В крестьянской стране революционная борьба с самодержавием и политическим бесправием если и инициируется какой-то частью образованного городского общества, может быть поддержана крестьянской массой лишь при условии решения главного для нее вопроса о собственности на землю и продукты своего труда. Вопрос о власти значим для нее в той мере, в какой власть решает эту проблему. Критерием хорошей власти является здесь не то, насколько она считается с законом и правом, а насколько в сознании масс предстает как добрая, справедливая, беспощадная ко всем, кого «простой народ» считает своими врагами. Моральное требование к власти — править по совести — важнее здесь любых соображений юридически-правового порядка. Понятно, что отношение к власти, оказываемая ей поддержка основывается здесь более на вере в ее добрые намерения, чем на знании законов, которыми она должна руководствоваться в своей деятельности. Участие масс, обладающих таким сознанием, в революционном процессе никогда не будет иметь своим следствием демократические перемены.

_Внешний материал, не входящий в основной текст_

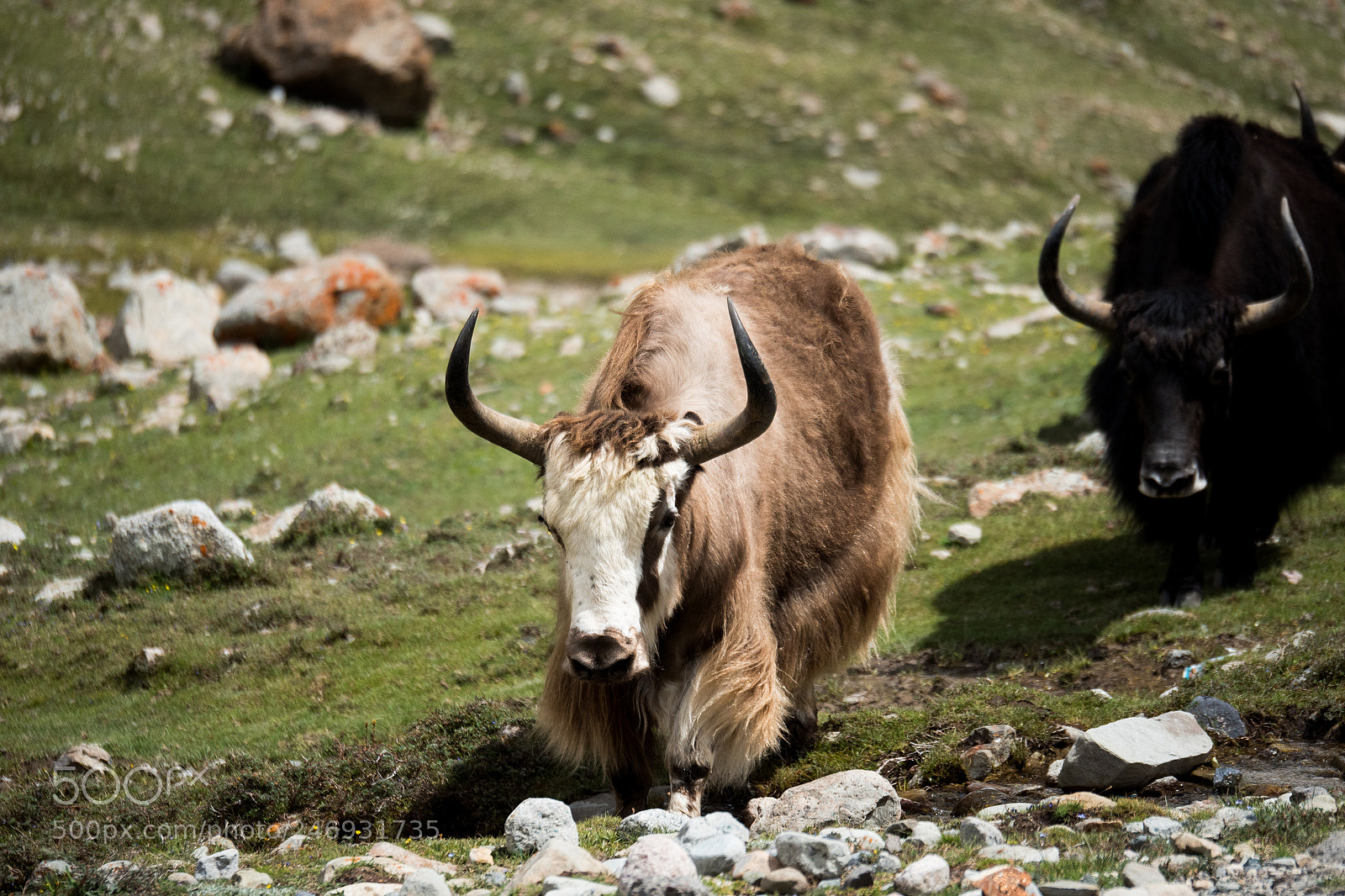 Panasonic Lumix DMC-GH4 sample photo. Yak himalayas mountain tibet photography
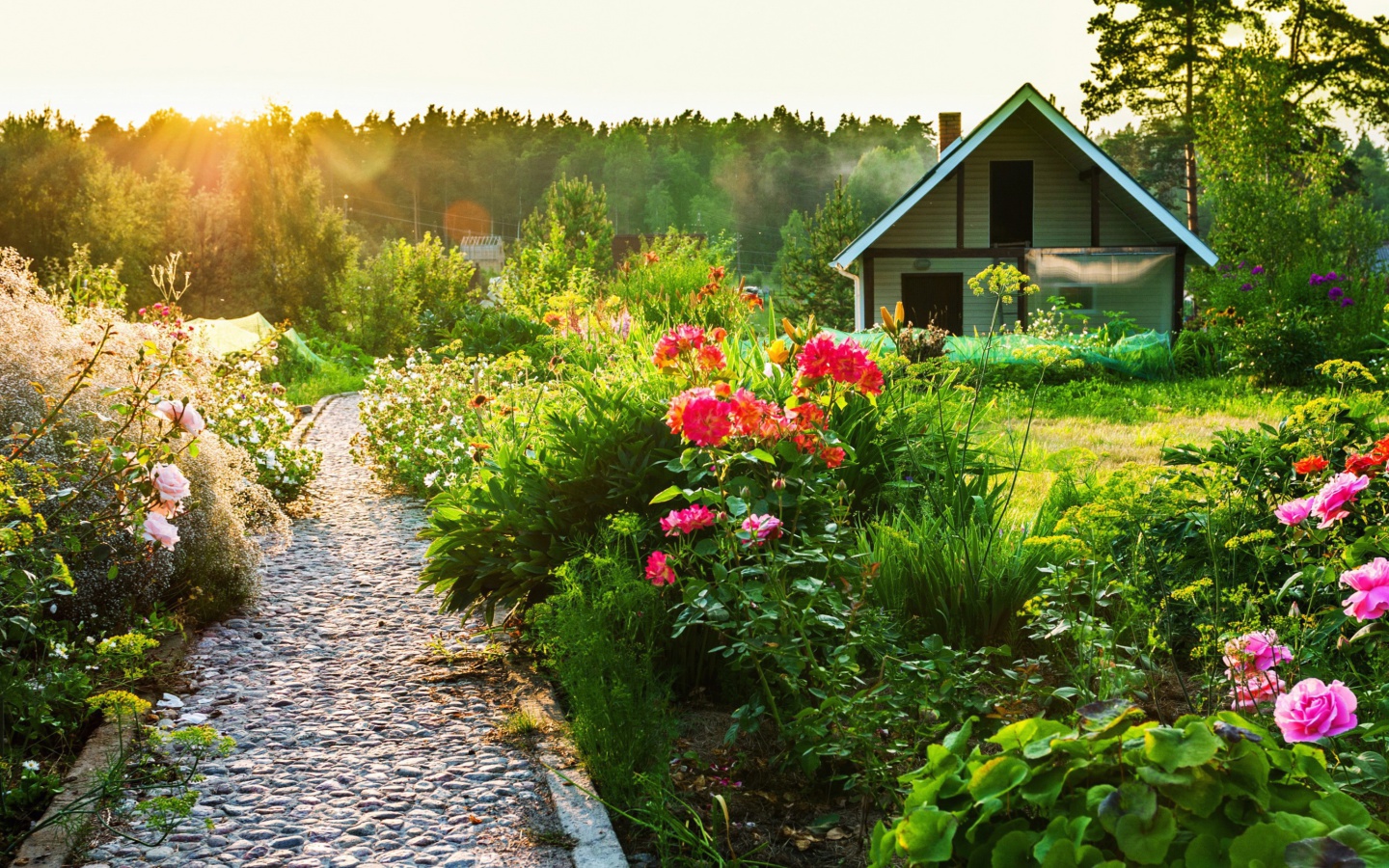 Country house with flowers wallpaper 1440x900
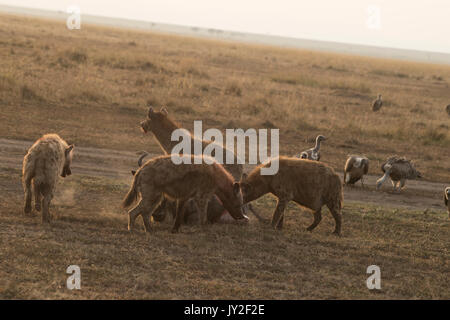 Avvistato hyaenas (Crocuta crocuta) attaccare, disemboweling e uccidere un GNU (GNU, Connochaetes taurinus) nel Masai Mara in Kenya Foto Stock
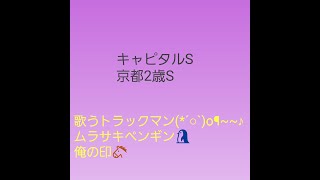 京都2歳S、キャピタルS 【決め手に欠ける本命馬VS人気薄】　歌うトラックマン🎤ムラサキペンギン🐧  俺の印🐴 #予想 　#vlog  #競馬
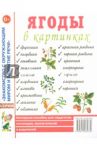 Ягоды в картинках. Наглядное пособие для педагогов, логопедов, воспитателей и родителей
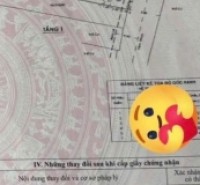 Nhà hẻm 310/38 Phạm Văn Chiêu, Phường 9, Gò Vấp, Hẻm 6m thông, 4x26m, Cn 102,3 m2, Cấp 4, 8,9 tỷ TL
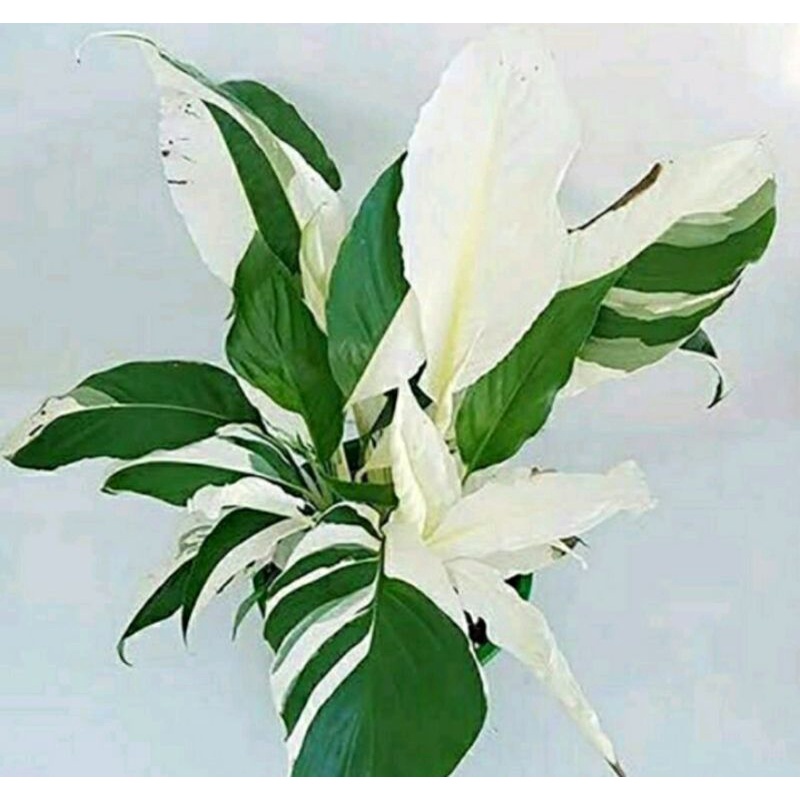 tanaman hias peach Lily spatu pilum varigata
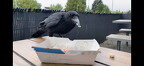 IMG 065043
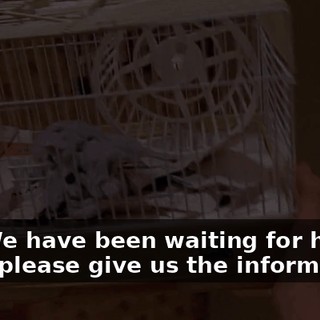 No. We have been waiting for hours. Now, please give us the information.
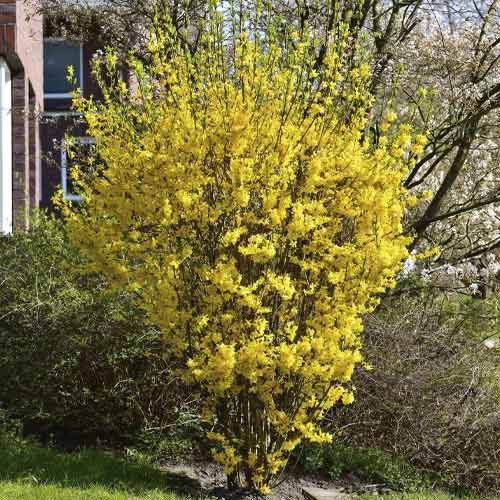 1 buc, Forsythia Goldrausch, C3 - Puieți: Mod de ambalare: 1 buc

Даже Маркс думал, что революция, если она произойдет в России, может быть только крестьянской и, следовательно, далекой от всякой демократии. «Настанет русский 1793 год, — предупреждал он, — господство террора этих полуазиатских крепостных будет невиданным в истории» [6] . В том же духе высказывался и Энгельс: «Она (русская революция — В.М.) начнется, вопреки предсказаниям Бакунина, сверху, во дворце. Но раз начавшись, она увлечет за собой крестьян, и тогда вы увидите такие сцены, перед которыми побледнеют сцены 93 года» [7] .
6
Маркс К., Энгельс Ф. Собр. соч. Т. 12. С. 701.
7
Там же. Т. 29. С. 124.
Уже в конце 90-х гг. в одном из писем к русскому корреспонденту Энгельс писал, что переворот в отсталой стране с многочисленным крестьянским населением может быть осуществлен «ценой страшных страданий и потрясений» [8] . Переход к капитализму сопровождается отрывом значительной части крестьянства от земли, что, естественно, не может произойти безболезненно и бескровно. Поэтому в своем знаменитом письме к Вере Засулич Маркс советовал русским социалистам дождаться социалистической революции на Западе (о возможности ее победы в России он даже и не помышлял), чтобы затем, встав в хвост Европе, перейти к социализму на базе собственного общинного земледелия, т. е. минуя капитализм. Согласно такому пожеланию Россия и после победы социалистической революции в мировом масштабе должна будет остаться аграрной страной, мировой деревней, передоверив функцию мирового города промышленно развитому Западу. Вряд ли такое пожелание могло устроить русских марксистов. Впоследствии Сталин решит этот вопрос чисто по-русски, предпочтя длительной и неопределенной в своих результатах новой экономической политике Ленина (тоже не слишком демократической, учитывая сохраняющуюся руководящую роль партии) раскулачивание и насильственную коллективизацию. А как бы решили этот вопрос другие партии, приди они к власти? Допустим, коллективизацию они заменили бы на хуторизацию и фермеризацию (как при Столыпине), но ведь тоже насильственную, поскольку добровольный выход из общины, как показывает мировая практика, затянулся бы на века.
8
Маркс К., Энгельс Ф. Собр. соч. Т. 39. С. 35.